→ Task item: Everything from the line holding "亚洲金融集团主席、中华总商会永远荣誉会长陈有庆离世。资料图片" to the end of the listing below should be copied exactly, line for line, minus the pictures.

→ Information shown:

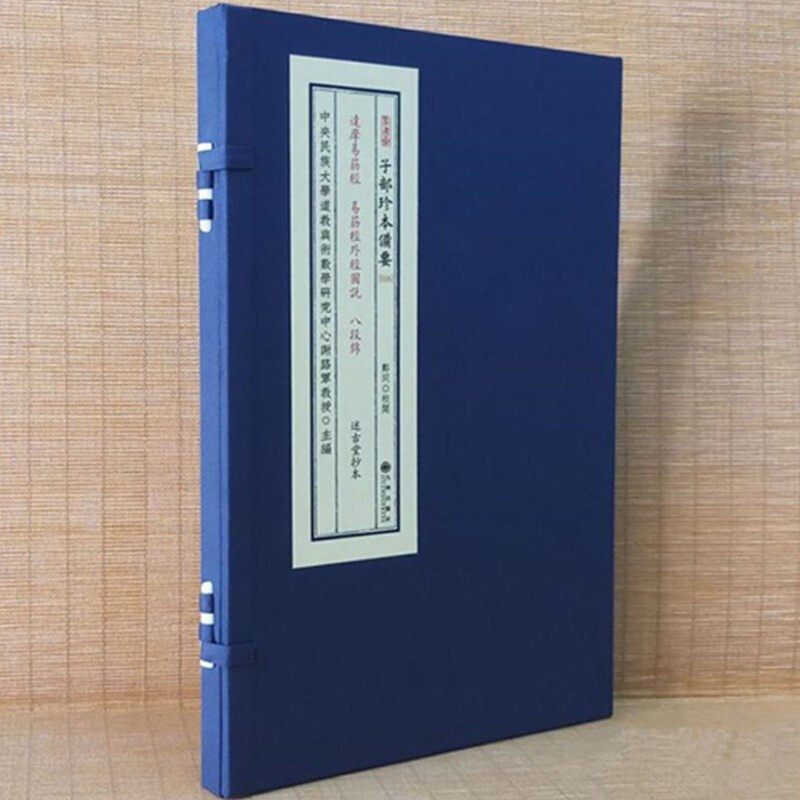 达摩易筋经 易筋经外经图说 八段锦  子部珍本备要016 中国功夫 宣纸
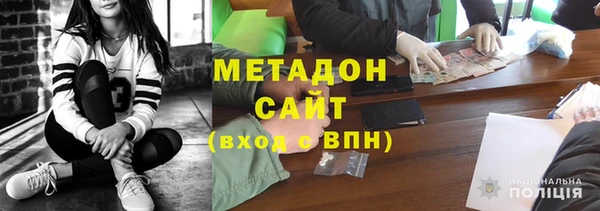 шишки Куйбышев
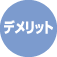 デメリット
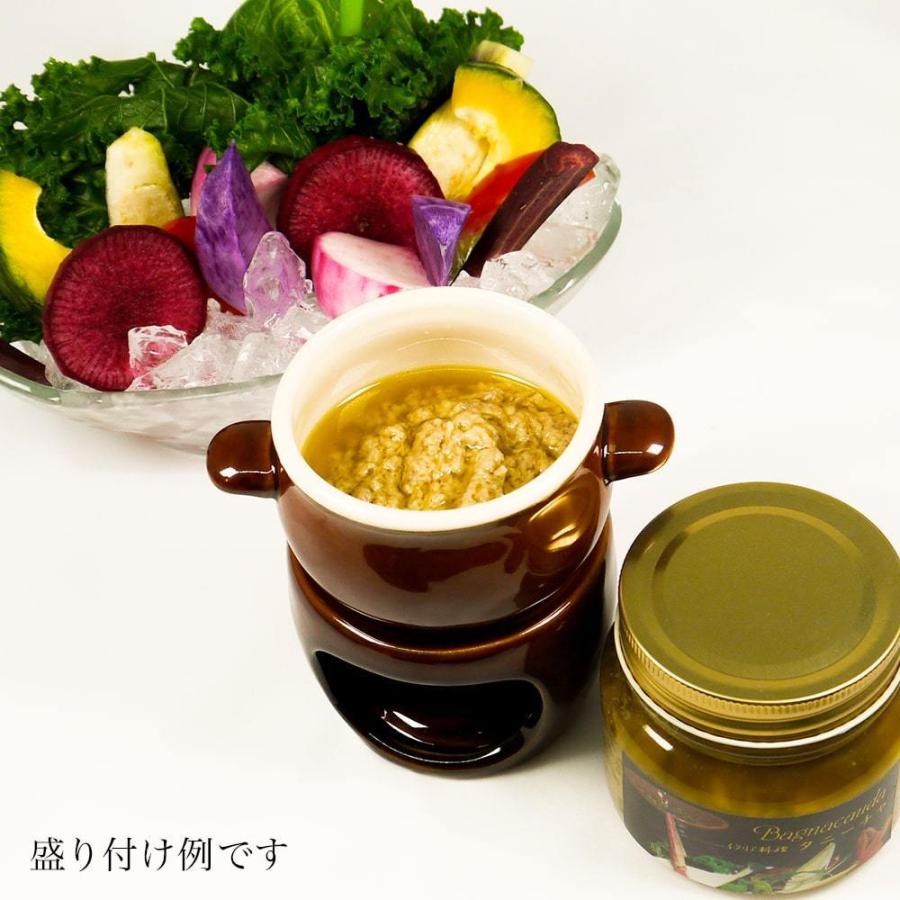 東京 イタリアン 虎ノ門タニーチャ シェフがつくる 本物の バーニャカウダ ソース 198g 2個とオススメ季節野菜とポットセット 高級 イタリアン レストラン Tne Top2bp イタリア屋タニーチャ2 通販 Yahoo ショッピング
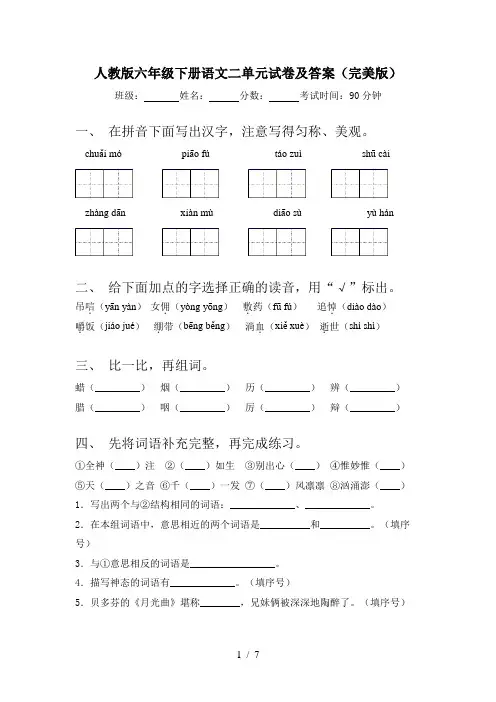 人教版六年级下册语文二单元试卷及答案(完美版)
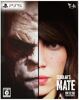 Scholars Mate Limited Edition - PS5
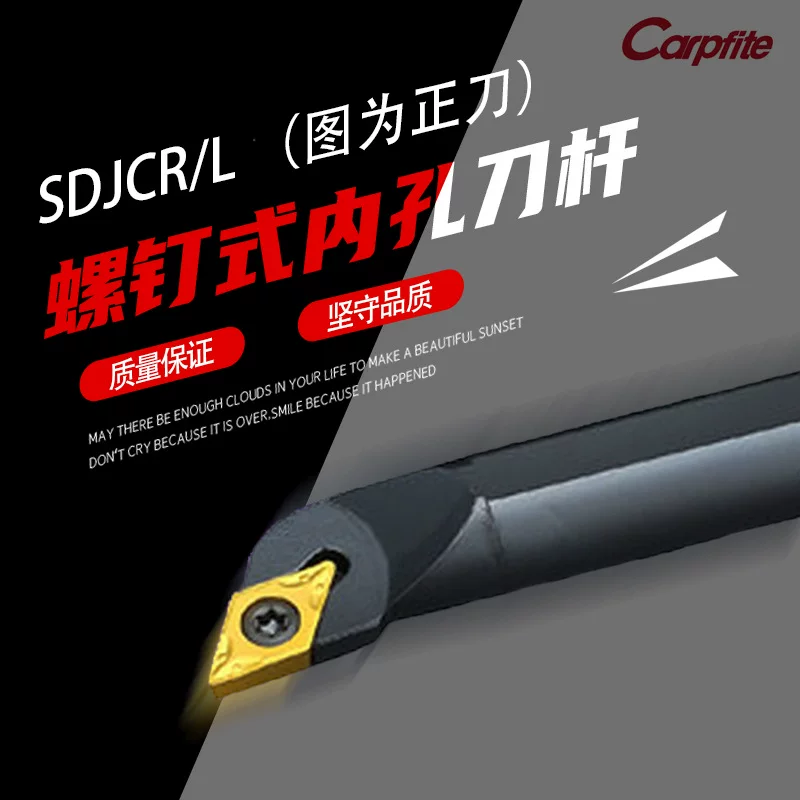 [S16Q - SDJCR11  数控内孔刀杆]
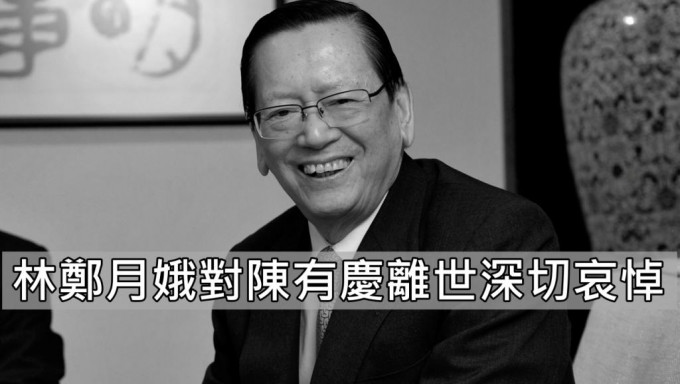 亚洲金融集团主席、中华总商会永远荣誉会长陈有庆离世。资料图片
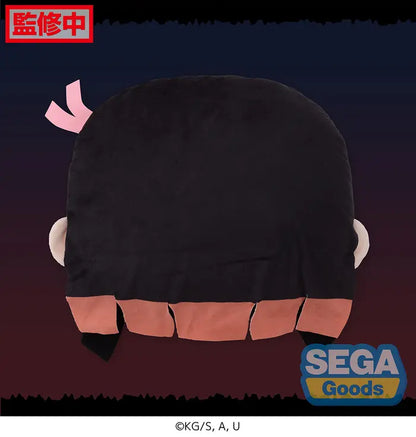 Charamaru Demon Slayer: Kimetsu no Yaiba Nezuko Kamado Premium Interior Cushion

→ Exercise solution:
 亚洲金融集团主席、中华总商会永远荣誉会长陈有庆离世。资料图片
 Charamaru Demon Slayer: Kimetsu no Yaiba Nezuko Kamado Premium Interior Cushion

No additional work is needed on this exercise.